Despite the fact that the original modelthe pre-planet cloud was used only in relation to the solar system, many theorists believe that it can be used as a universal system of measures for the entire universe. Therefore, even now it is often used to explain the process of formation of many exoplanets that we have found.
Despite the fact that the nebular model haswidely recognized, it still contains a number of issues that even modern astronomers cannot solve. For example, there is a tilt related question. According to the nebular theory, all planets that are around stars should have the same axis tilt with respect to the ecliptic plane. But we know that the planets of the inner and outer circles have completely different axes.
While the planets of the inner circle possessthe axis tilt angle of 0 degrees, the axes of others (Earth and Mars, for example) have a tilt angle of about 23.4 and 25 degrees, respectively. The planets of the outer circle, in turn, also have different axes. The inclination of the axis of Jupiter, for example, is 3.13 degrees, while those of Saturn and Neptune are 26.73 and 28.32 degrees, respectively. And Uranus generally has an extreme tilt of the axis of 97.77 degrees, which actually makes one of its poles constantly face the Sun.

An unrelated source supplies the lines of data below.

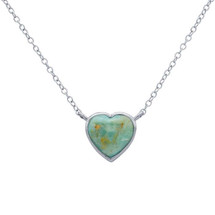 Genuine Sterling Silver Heart Imitation Turquoise-Set Necklace
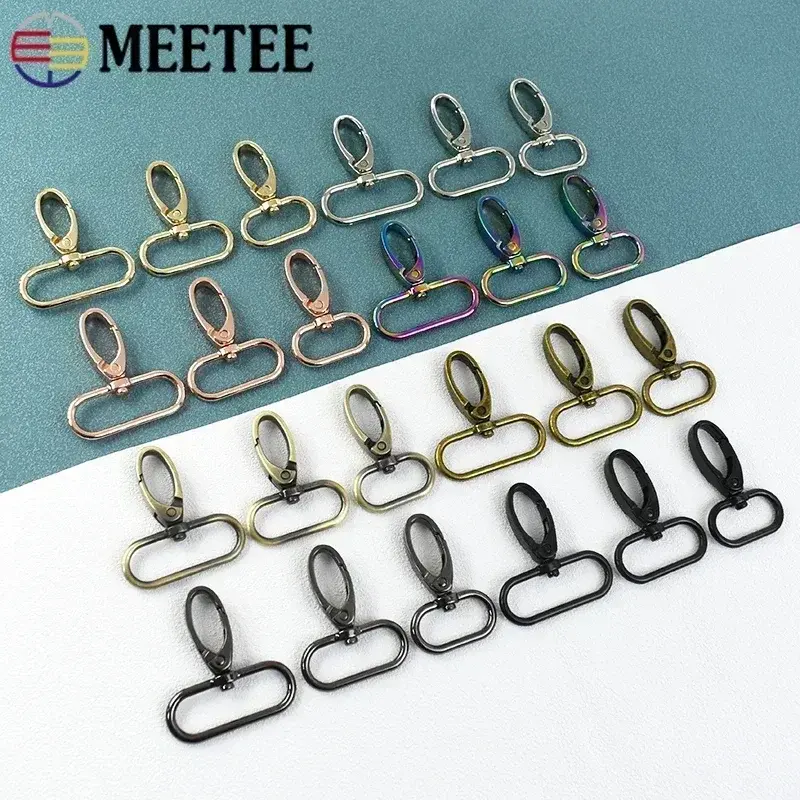 10Pcs 13-38mm Bag Strap Metal Buckles for Sewing Swivel Lobster Clasps Webbing Belt Trigger Snap Hooks DIY Keychain Accessories
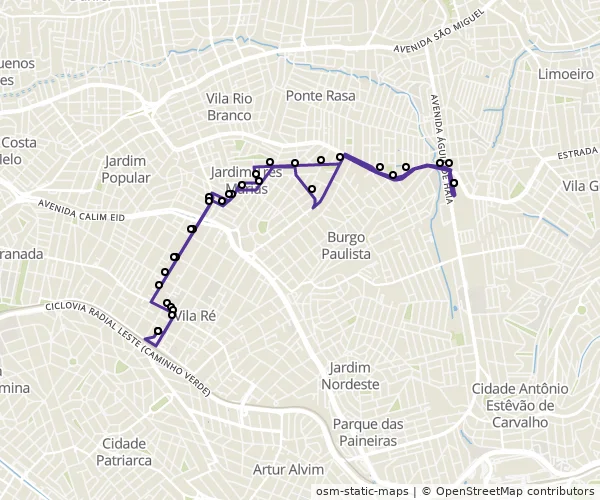 Mapa do itinerário da linha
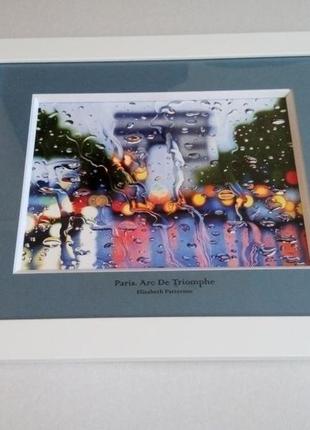 Картини "дощ у парижі" в рамі під склом1 фото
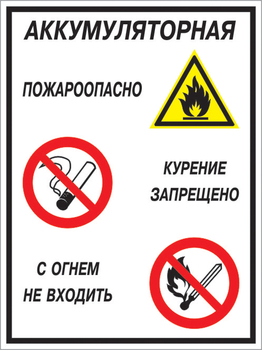 Кз 12 аккумуляторная - пожароопасно. курение запрещено, с огнем не входить. (пластик, 400х600 мм) - Знаки безопасности - Комбинированные знаки безопасности - Магазин охраны труда и техники безопасности stroiplakat.ru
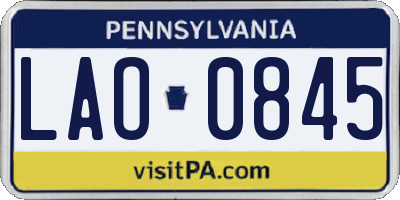 PA license plate LAO0845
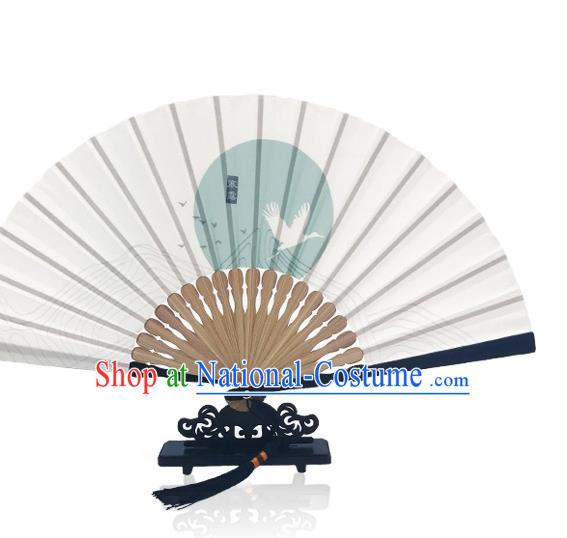 Chinese Crane Silk Fan Printing Twenty Four Solar Terms Folding Fan Handmade Cold Dew Accordion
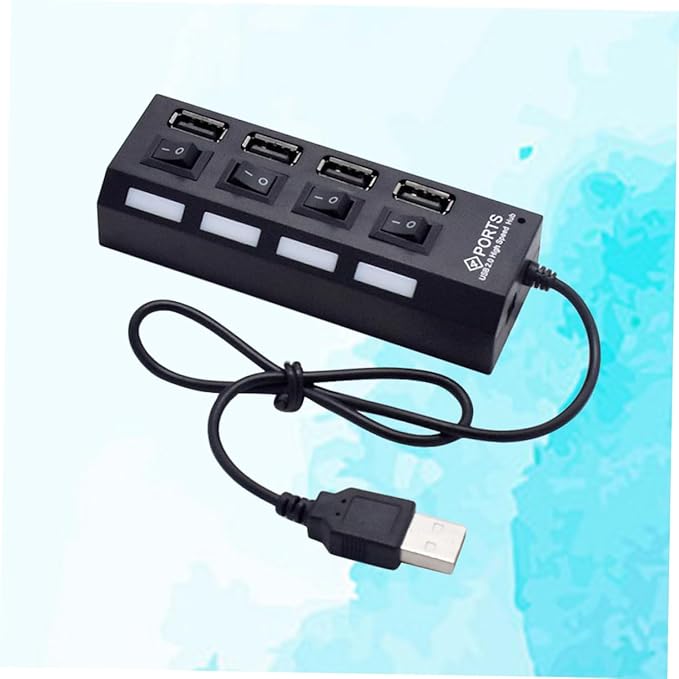 HOMSFOU 2pcs 4 4-Port USB Hub Laptop USB Port Expander Splitter for Keyboard Mouse Webcam Mp3 Player Etc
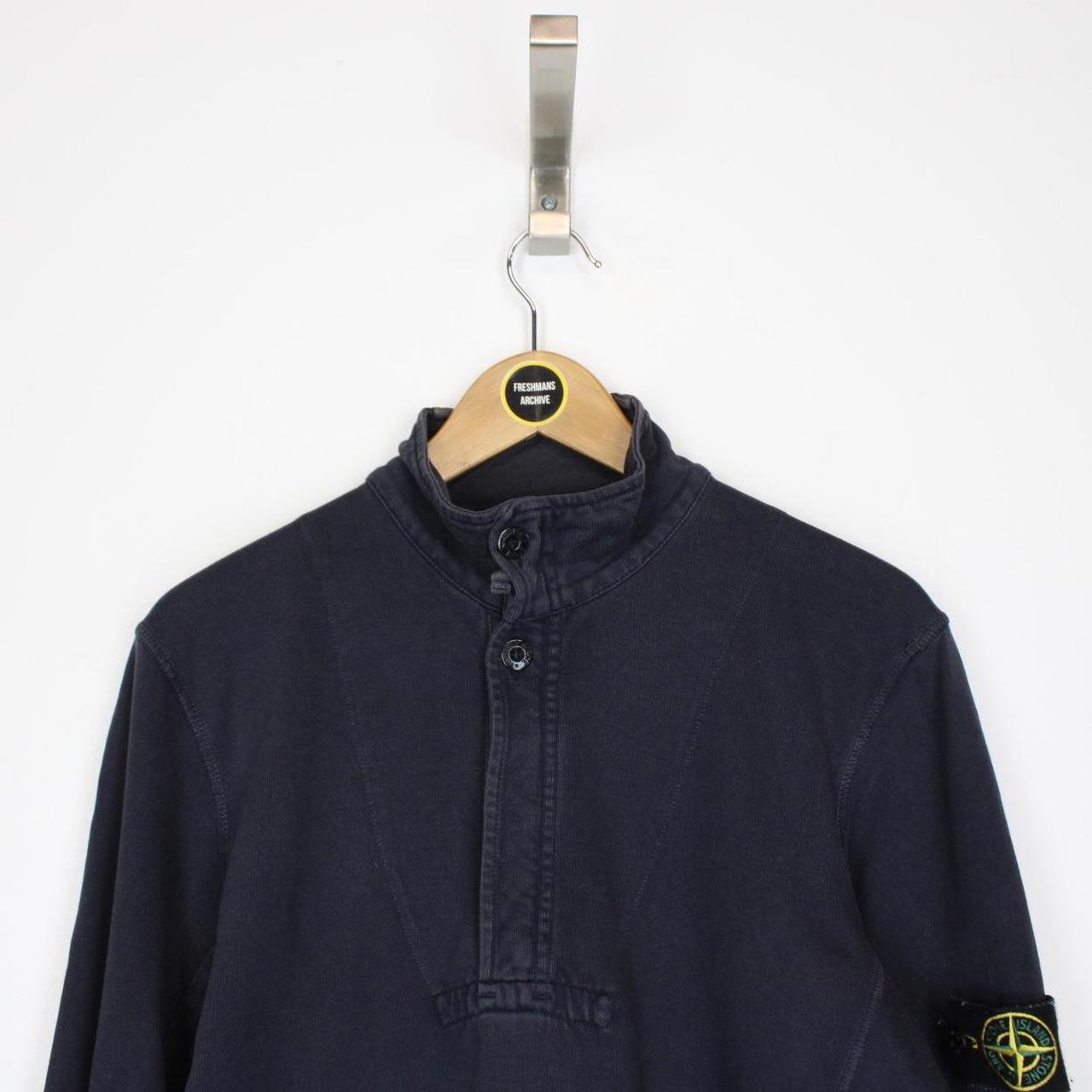 Vintage Stone Island SS 2009 Navy Blue Cotton 1/4 Zip Sweatshirt Jumper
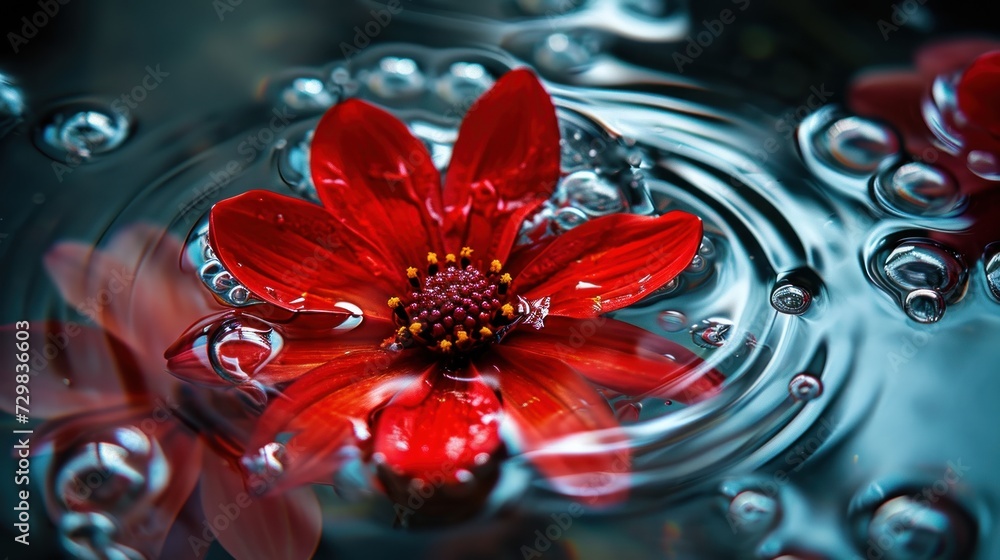 Poster a red flower floating on top of a body of water with drops of water on the bottom and bottom of the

List of potentially habitable exoplanets according to the Planetary Habitability Laboratory
In addition, the study of planets outside the solar systemallowed scientists to point out inconsistencies that cast doubt on the nebular hypothesis. Some of these inconsistencies are related to the class of planets “hot Jupiters”, whose orbits are close to their stars, and for a period of several days. Astronomers corrected some points of the hypothesis to solve these issues, but this did not solve all the problems.
Most likely, unresolved issues havethe closest meaning to understanding the nature of formation, and therefore it is so difficult to answer. Just when we think that we have found the most convincing and logical explanation, there are always moments that we are not able to explain. Nevertheless, we have come a long way until we come to our current models of star formation and planetary formation. The more we learn about neighboring stellar systems and the more we explore space, the more mature and perfect our models become.